→ About this task:
Note the line containing "B&B La Tenuta"; from it through the last line below, give only those lines again, exactly, both ends included, skipping pictures.

→ Exercise inputs:
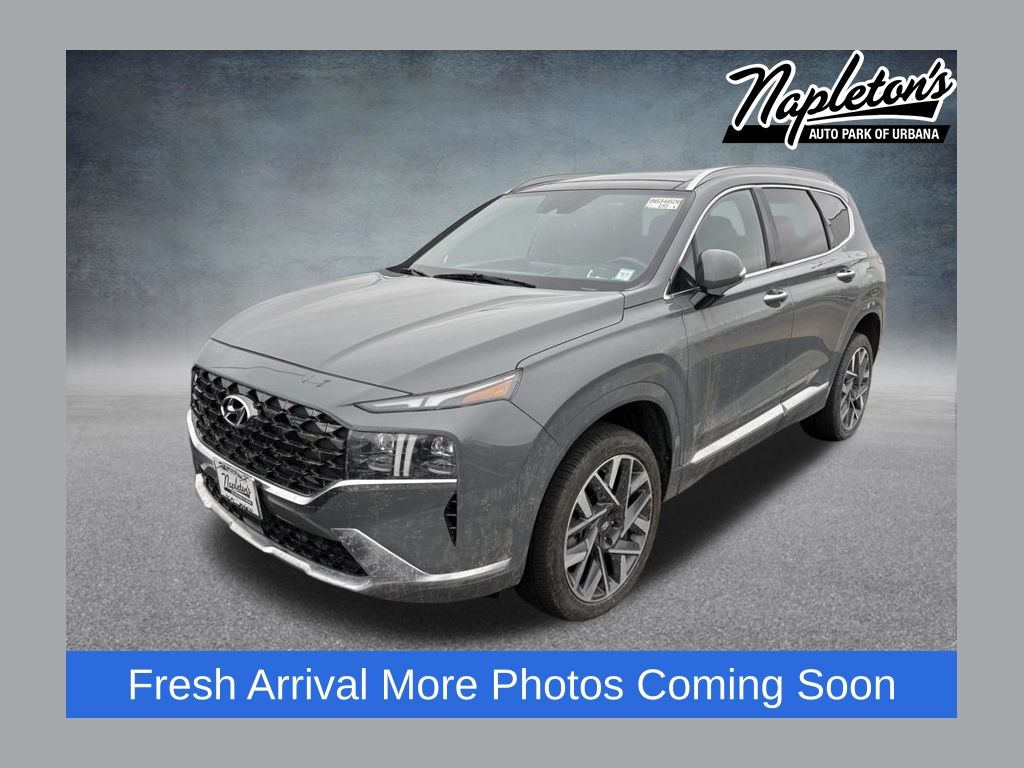 Hampton Gray 2023 Hyundai Santa Fe Calligraphy AWD SUV / Crossover All-Wheel Drive Automatic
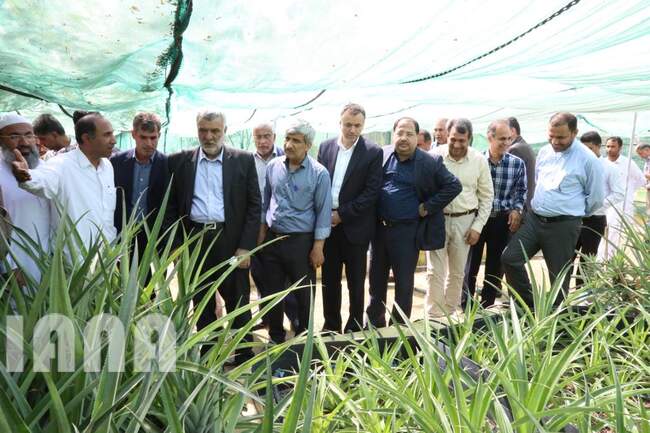  بازدید وزیر جهاد کشاورزی از گلخانه تحقیقاتی پرورش نهال کشت بافتی آناناس در چابهار
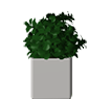 Plants 3D Model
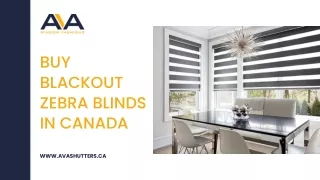 Buy Blackout Zebra Blinds in Canada - Ava Window Fashion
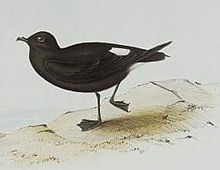 Old illustrations, such as this one by John Gould, were painted from skins, and showed petrels in improbable standing positions. Oceanite.tempete.jogo.jpg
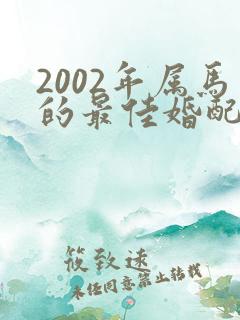 2002年属马的最佳婚配女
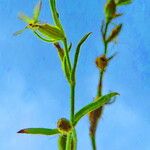 Silene gallica Blüte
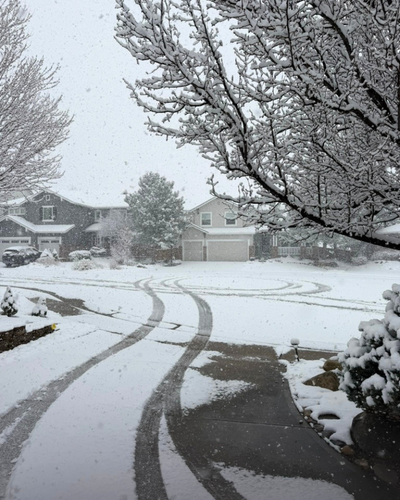 Snow-covered residential neighborhood with tire tracks on driveway, leafless trees, houses, and snowfall.
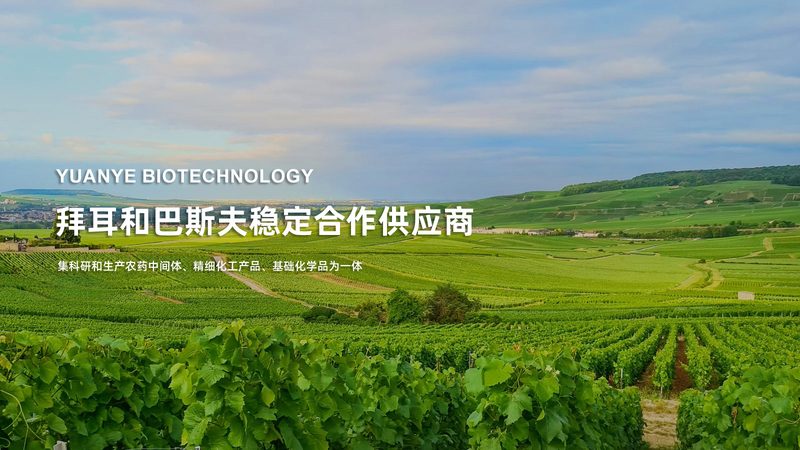 细胞工厂层数的选择：揭秘高效生产的秘密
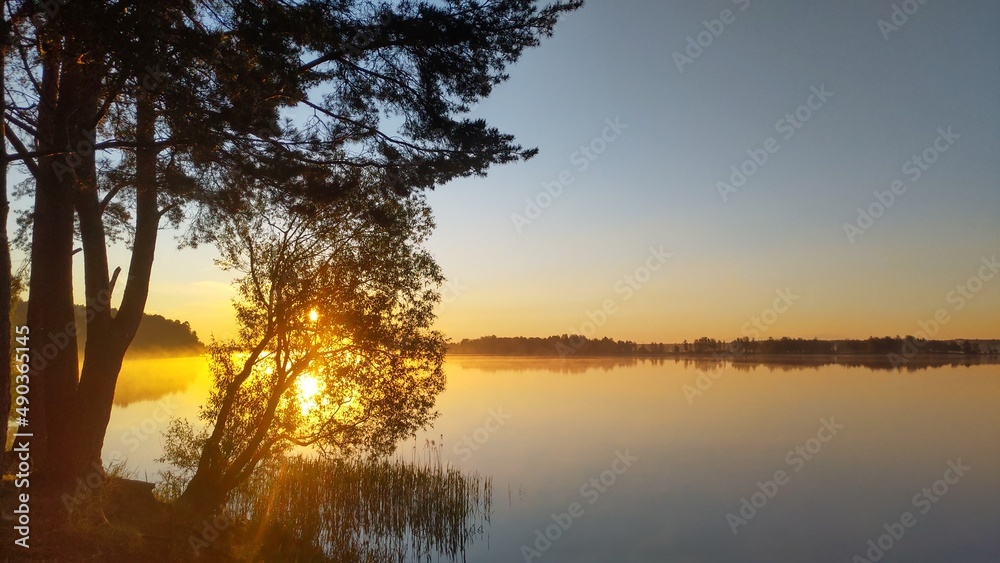 In the morning, the sun rises over the lake and shines through the leaves of a tree. The shores of the lake are covered with forest, with reeds growing in the water. The branches of a pine tree hang 
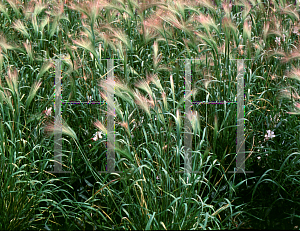 Picture of Hordeum jubatum 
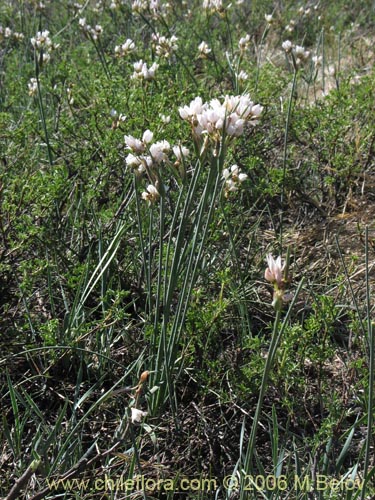 Imágen de Sisyrinchium junceum ssp. junceum (Huilmo rosado). Haga un clic para aumentar parte de imágen.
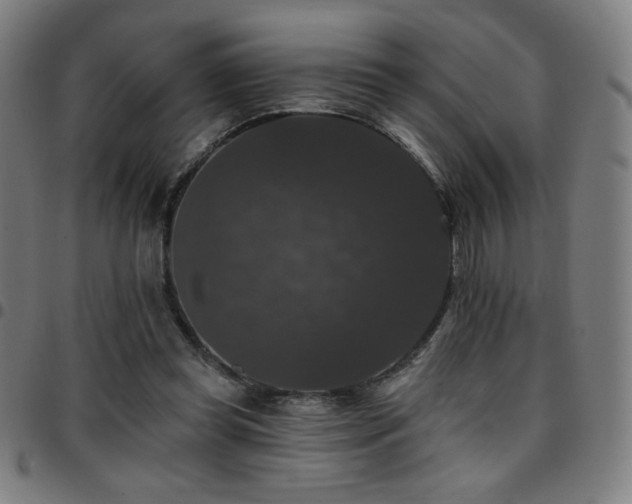 X0000097790349200803071417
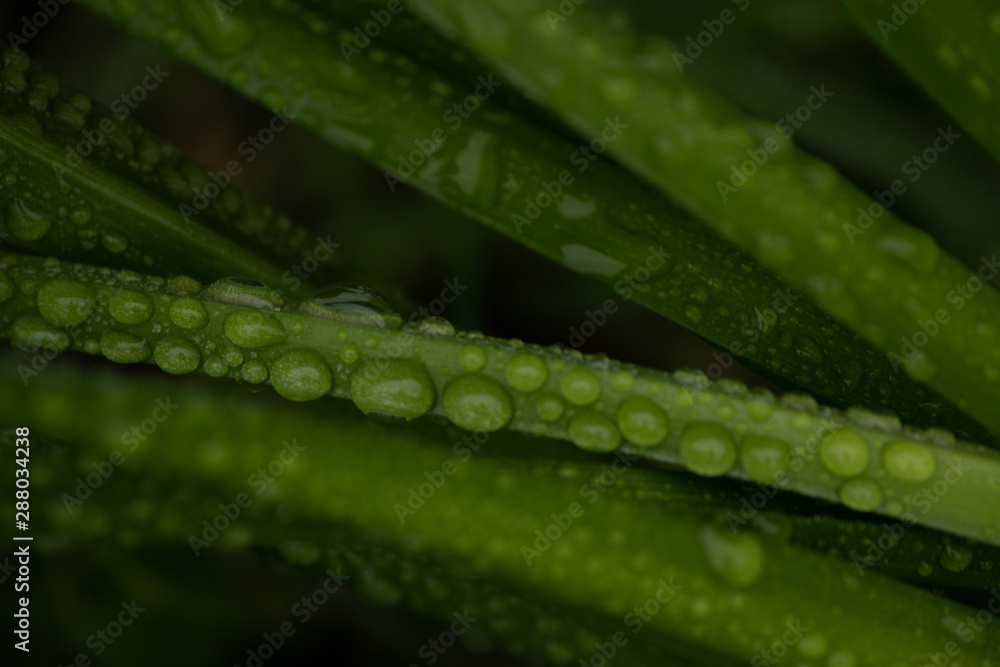 dew on the grass dew on the grass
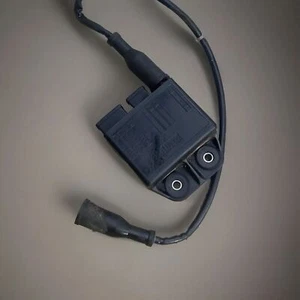 Bobina de encendido Facind CDI ORIGINAL PIAGGIO SKR 125 150 TPH 125 X Aprilia SR 50 125 - Imagen 1 de 5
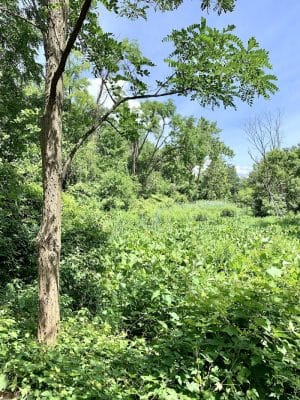 Potomac Greens Park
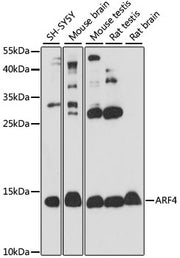 ARF4 Rabbit pAb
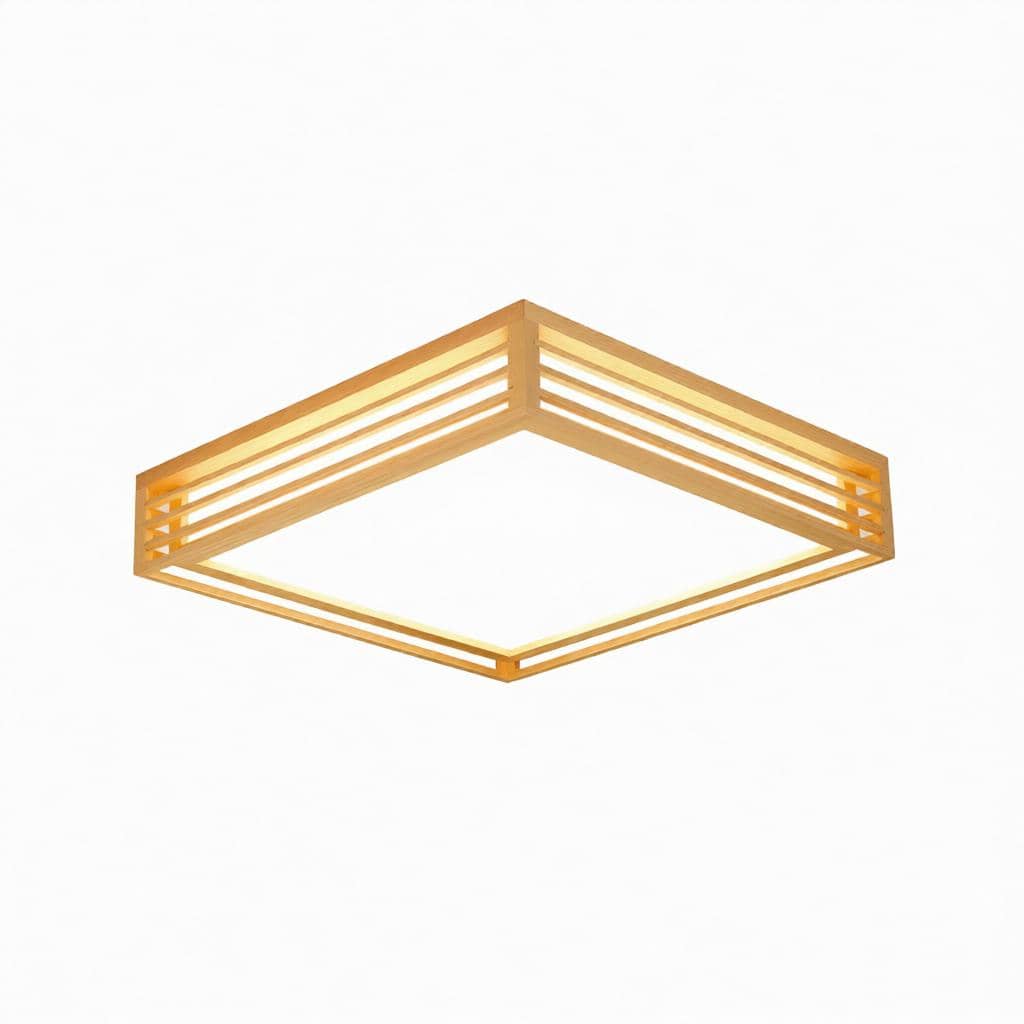 Iselwyn | Ceiling Mounted Light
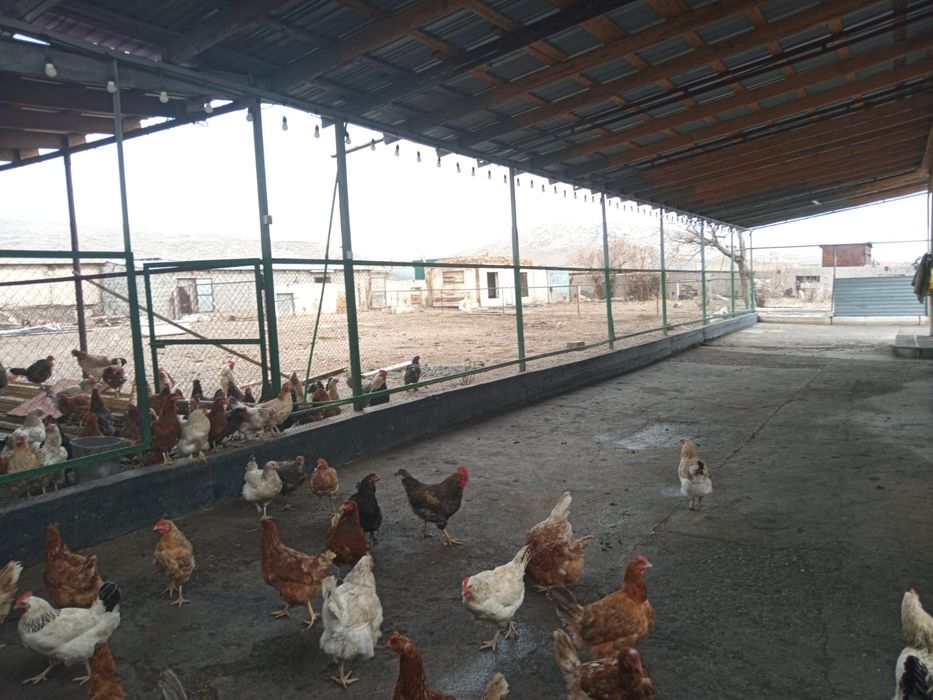 Жер Уй сатылады .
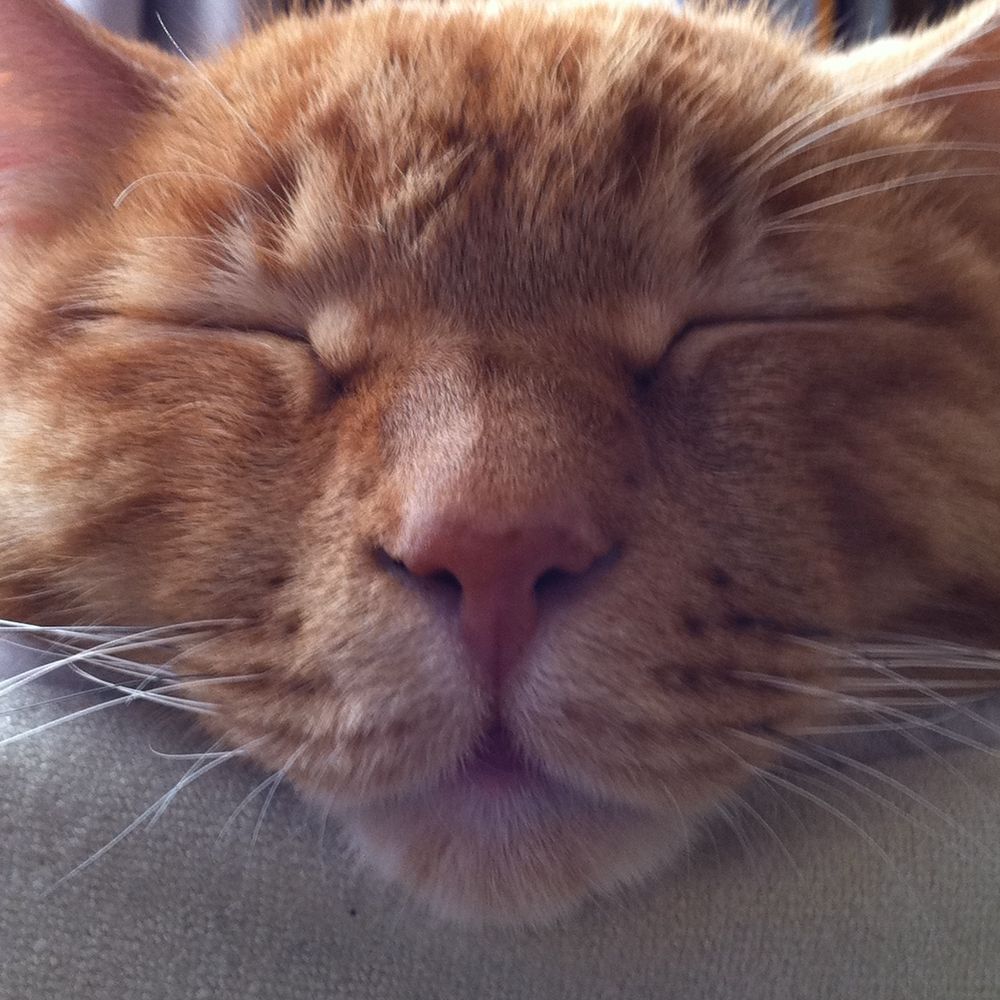 tora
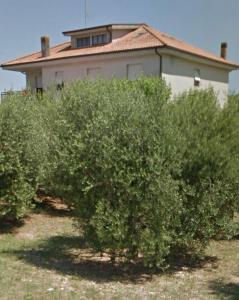 B&B La Tenuta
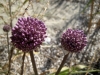 9_allium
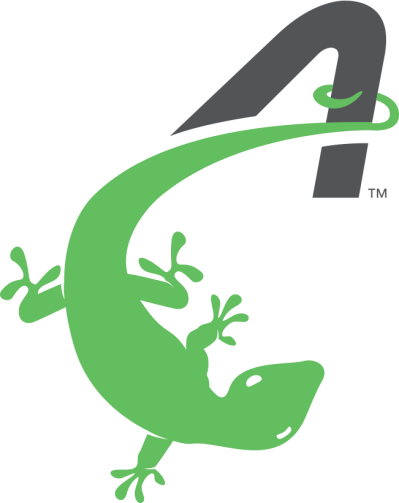Compressed Activekids Gecko - Illustration (399x503)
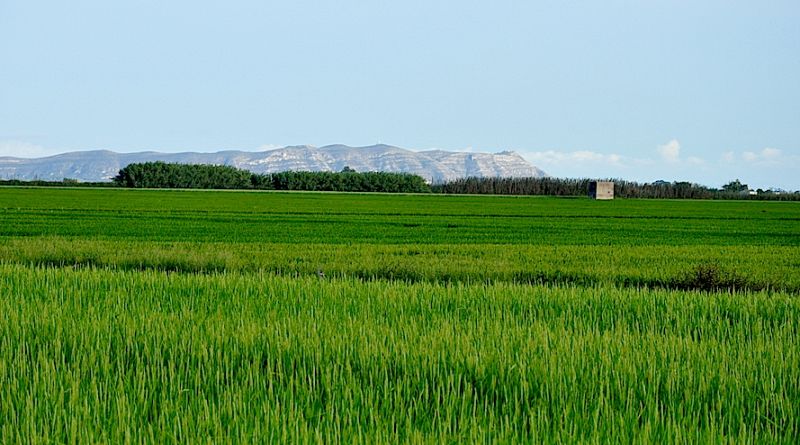Cullera, capital gastronómica del arroz - ESCUCHAR AHORA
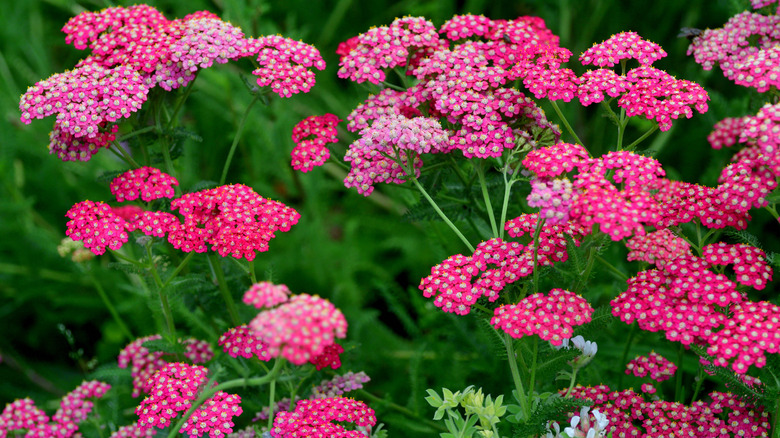 Pink yarrow flowers in garden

→ Output of the task:
 B&B La Tenuta
 9_allium
Compressed Activekids Gecko - Illustration (399x503)
Cullera, capital gastronómica del arroz - ESCUCHAR AHORA
 Pink yarrow flowers in garden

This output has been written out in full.